### ABOUT THIS TASK
Look below for the line holding "Có nên chạy theo danh tiếng của trường?" and the line holding "Living - 5146". Transcribe exactly those lines and all lines between them, nothing more.

### DATA PROVIDED
-=-=-
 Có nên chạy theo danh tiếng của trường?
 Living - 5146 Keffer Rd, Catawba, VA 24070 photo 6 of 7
-=-=-
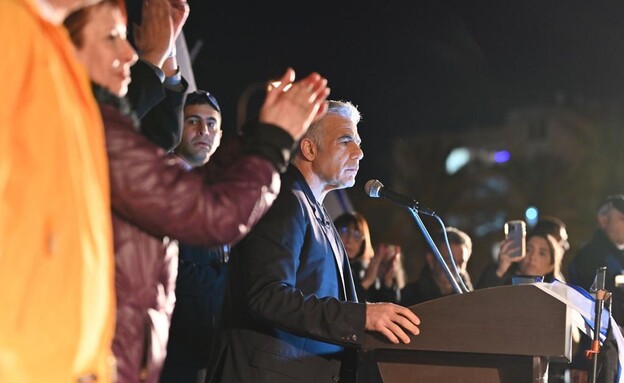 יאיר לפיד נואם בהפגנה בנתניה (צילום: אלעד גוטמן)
-=-=-
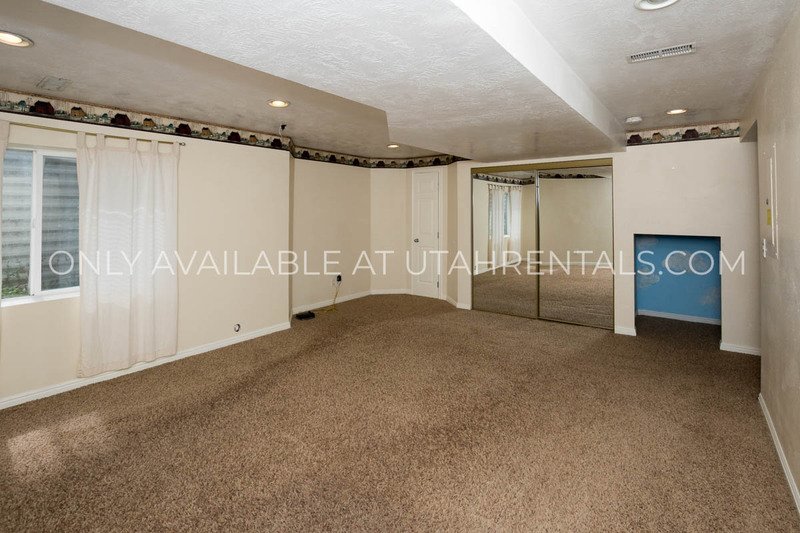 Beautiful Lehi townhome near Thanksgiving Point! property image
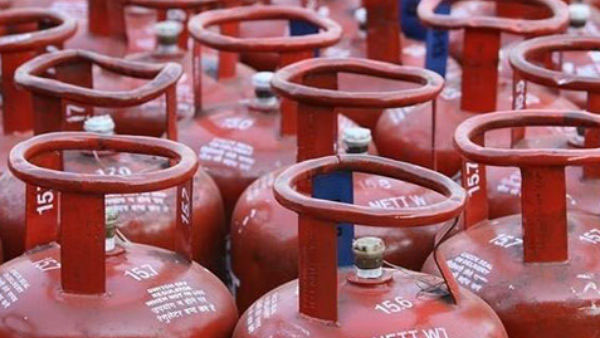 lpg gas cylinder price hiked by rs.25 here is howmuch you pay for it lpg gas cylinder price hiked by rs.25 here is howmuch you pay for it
-=-=-
### RESPONSE BOX
 Có nên chạy theo danh tiếng của trường?
 Living - 5146 Keffer Rd, Catawba, VA 24070 photo 6 of 7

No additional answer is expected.